Hi Django devs,
I've just started a new project in 1.7b, and the development experience
working with unit tests on models is more complicated than it was in 1.6.
It's all down to how the throwaway test databases are created. In 1.6, the
create_test_db function "Creates a new test database and runs syncdb
against it." In 1.7, it runs "migrate".
While generally speaking, migrate is the new syncdb, this behaviour is not
ideal for tests. In 1.6 "syncdb" created a database reflecting the current
state of the models in models.py. "migrate" creates a database reflecting
the state of the models at the last time makemigrations was run. If you're
doing TDD and constantly making small changes to your models then runnning
unit tests, you have to run makemigrations before each test run to get your
tests to work. You therefore end up with many tiny migration files
representing the minute-by-minute history of development.
I came up with a pretty effective workaround that is working for me, but I
thought I'd post this here as others are sure to encounter this issue, and
I think that it makes more sense for the behaviour produced by this
workaround to be the default for running tests.

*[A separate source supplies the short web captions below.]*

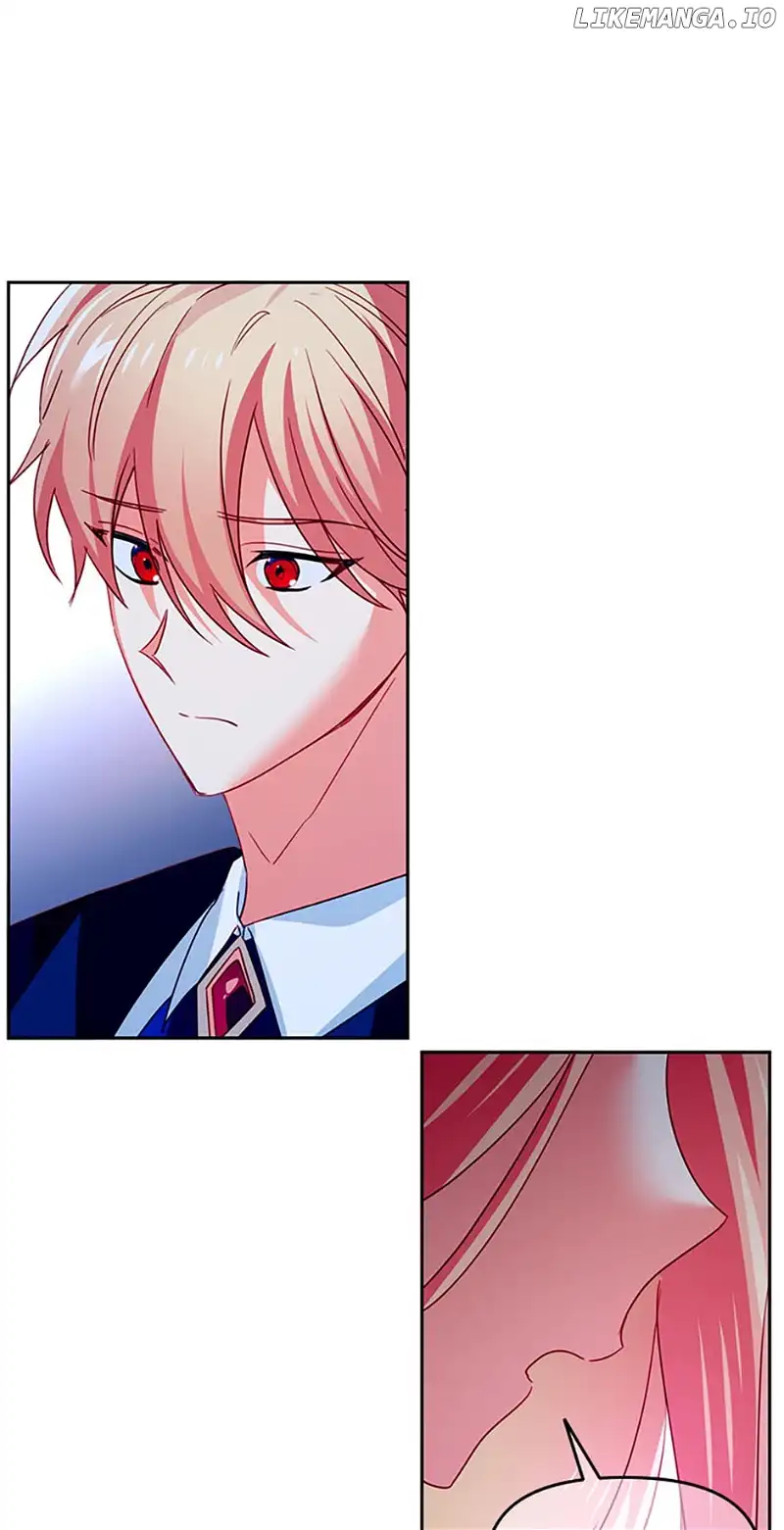 I Raised an Obsessive Servant chapter 77 page 17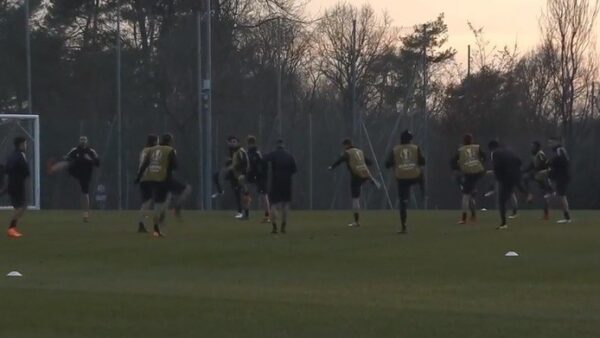 Milanello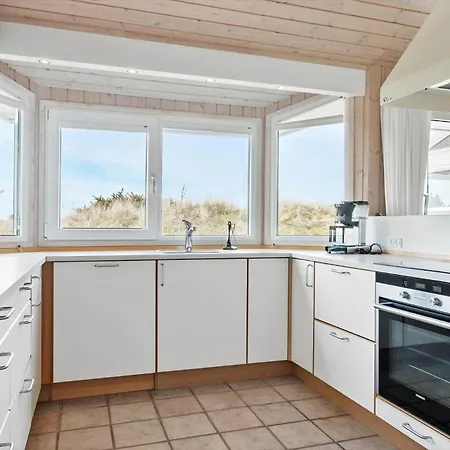 Tv1482-bindslev-musvagevej-7 Ferienhaus *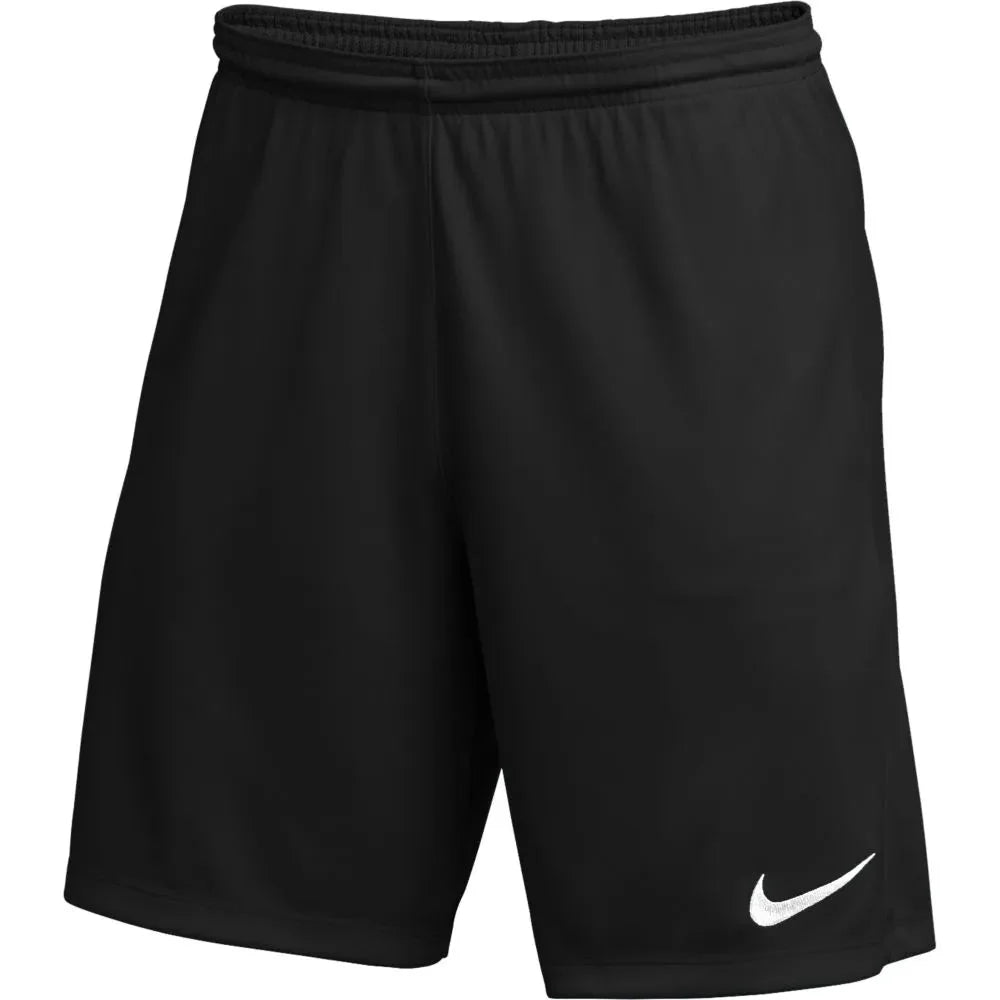 Nike Park III Shorts 1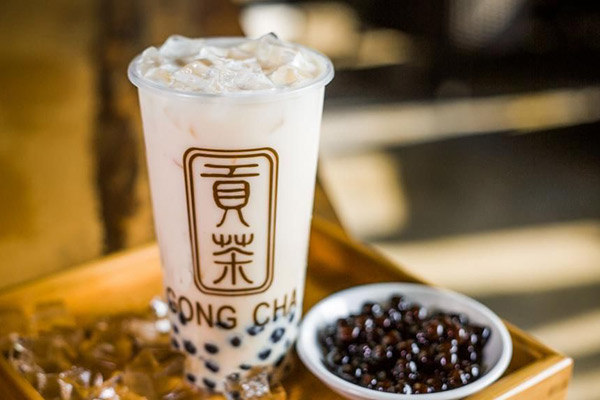 御制贡茶加盟需要多少钱?如何提高开店的成功率?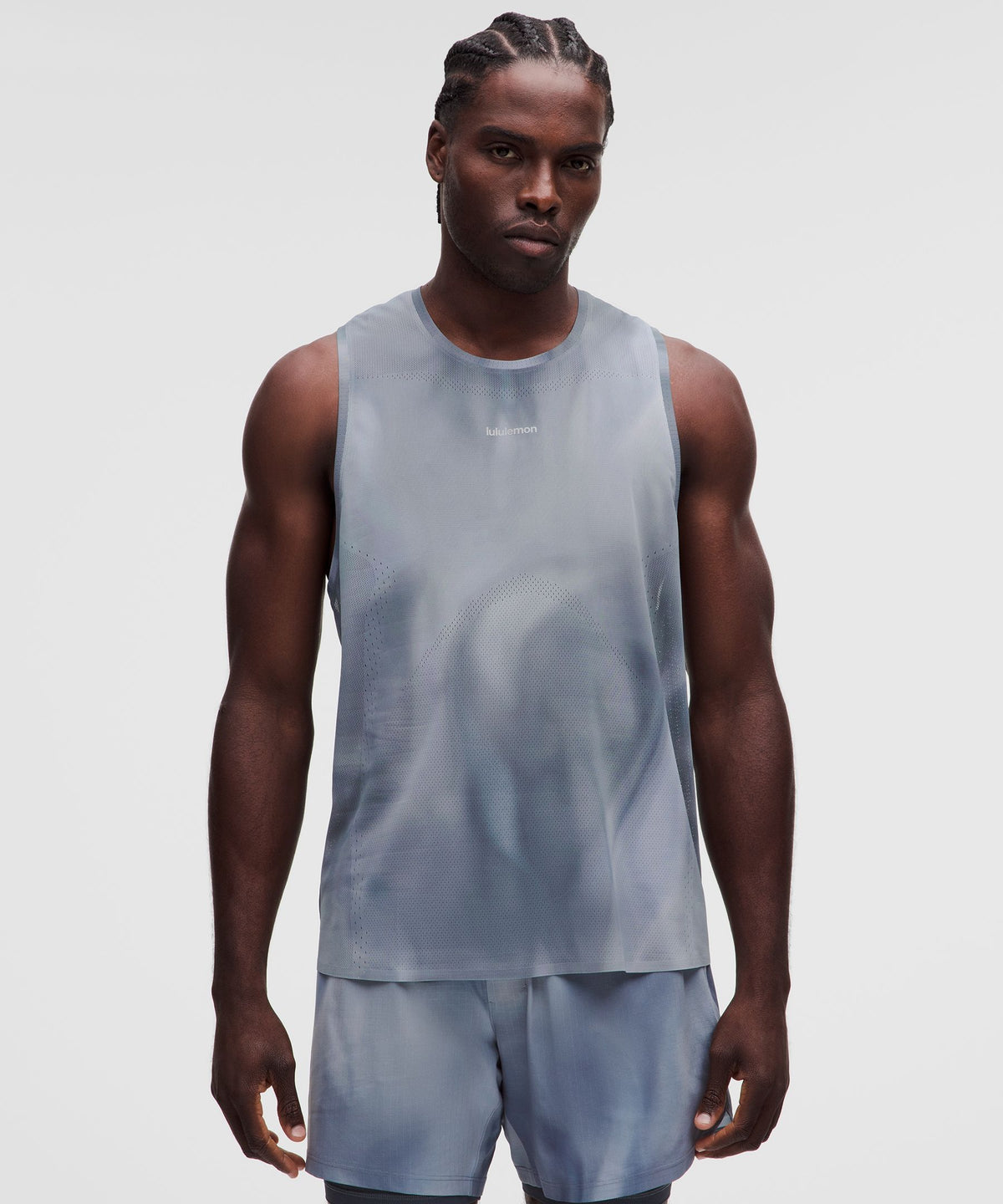 Men's Fast and Free SingletRace Length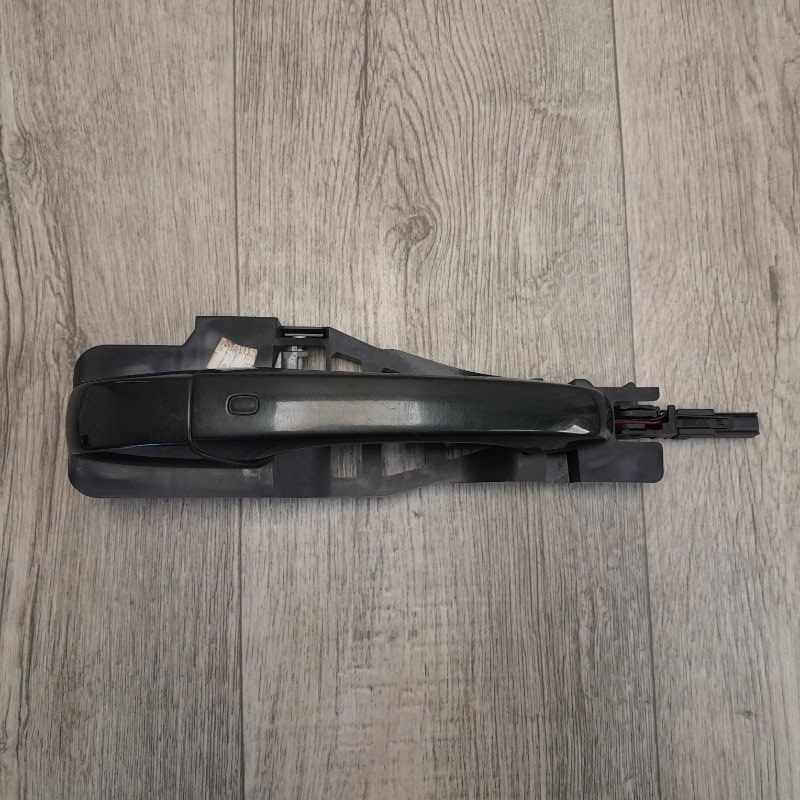 Ручка двери наружная передняя правая DODGE DURANGO 11- (WD) 1QA18HGNAF Б/У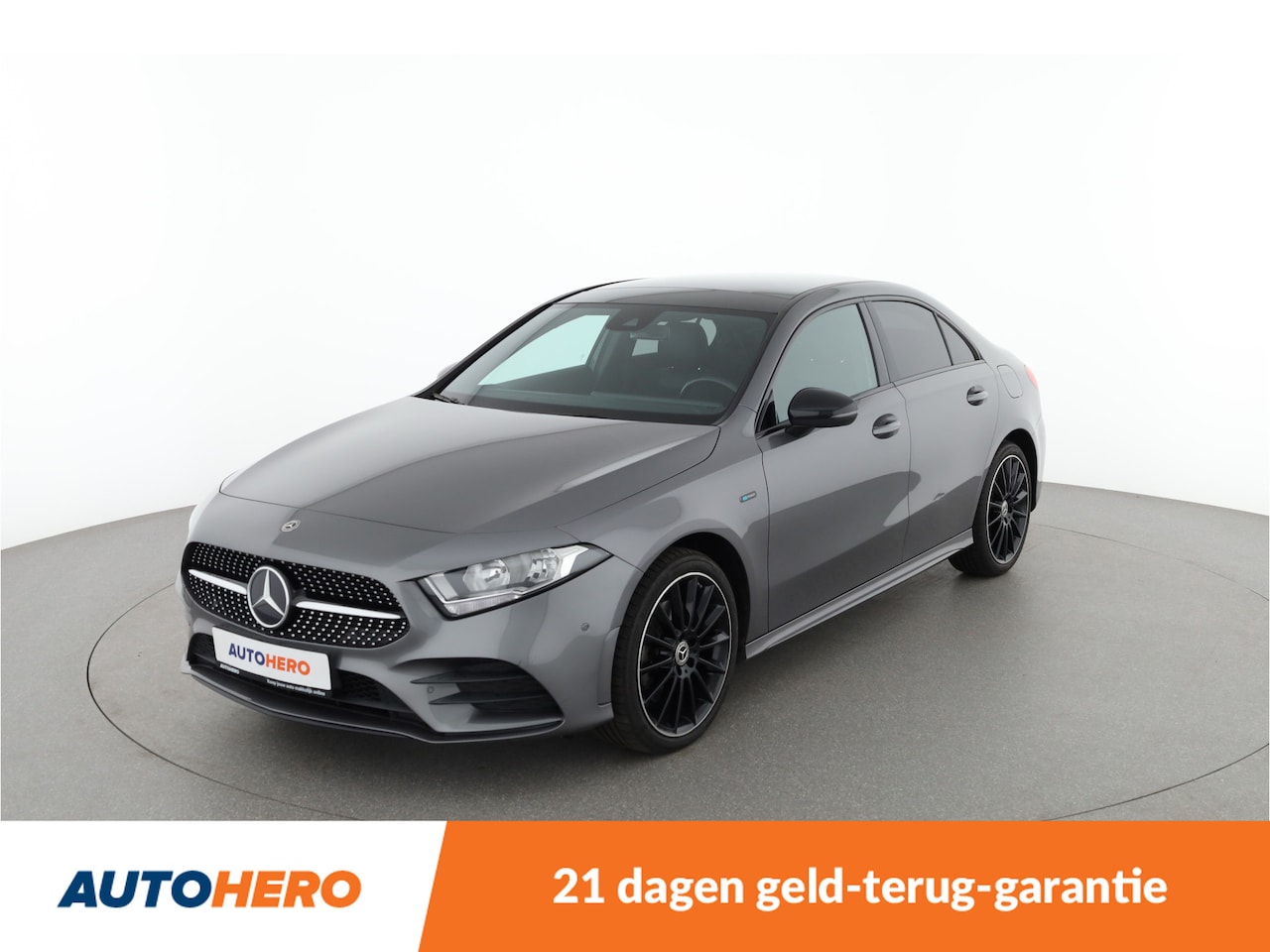 Mercedes-Benz A-klasse - 250 e Business Solution AMG Limited l BJ22568 l - AutoWereld.nl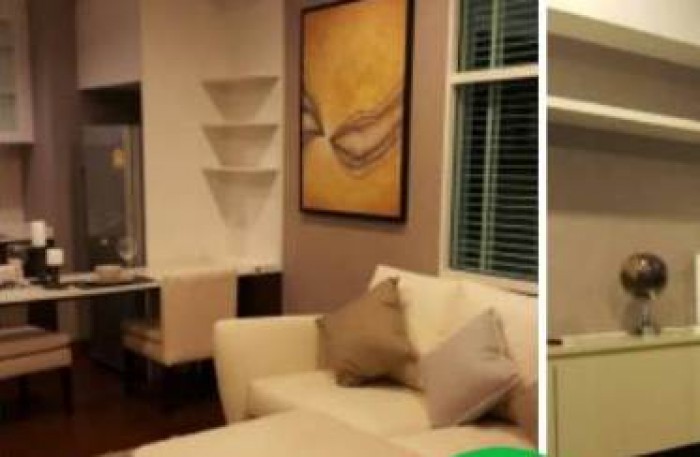 Ivy Thonglor, Ivy Thonglor43 Sqm 1B/1B Fully Furnished Hight FloorRent 40000 Baht per month Nego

If makemigrations has not yet been run, the "migrate" command treats an app
as unmigrated, and creates tables directly from the models just like syncdb
did in 1.6. I defined a new settings module just for unit tests called
"settings_test.py", which imports * from the main settings module and adds
this line:
MIGRATION_MODULES = {"myapp": "myapp.migrations_not_used_in_tests"}
Then I run tests like this:
DJANGO_SETTINGS_MODULE="myapp.settings_test" python manage.py test
This fools migrate into thinking that the app is unmigrated, and so every
time a test database is created it reflects the current structure of
models.py.
So my feature request is as follows:
If the new behaviour is by design and considered desirable, then it is a
big change from the previous version and should be prominently documented
in the migrations and testing pages, along with the workaround. I'm happy
to write this documentation if that's the way you want to go.
However, if the new behaviour is not by design but just a by-product of the
new migrations feature, I suggest making the workaround the default
behaviour. I don't (yet!) know enough about Django internals to volunteer
for this however.
Thanks for your time,
Bernie :o)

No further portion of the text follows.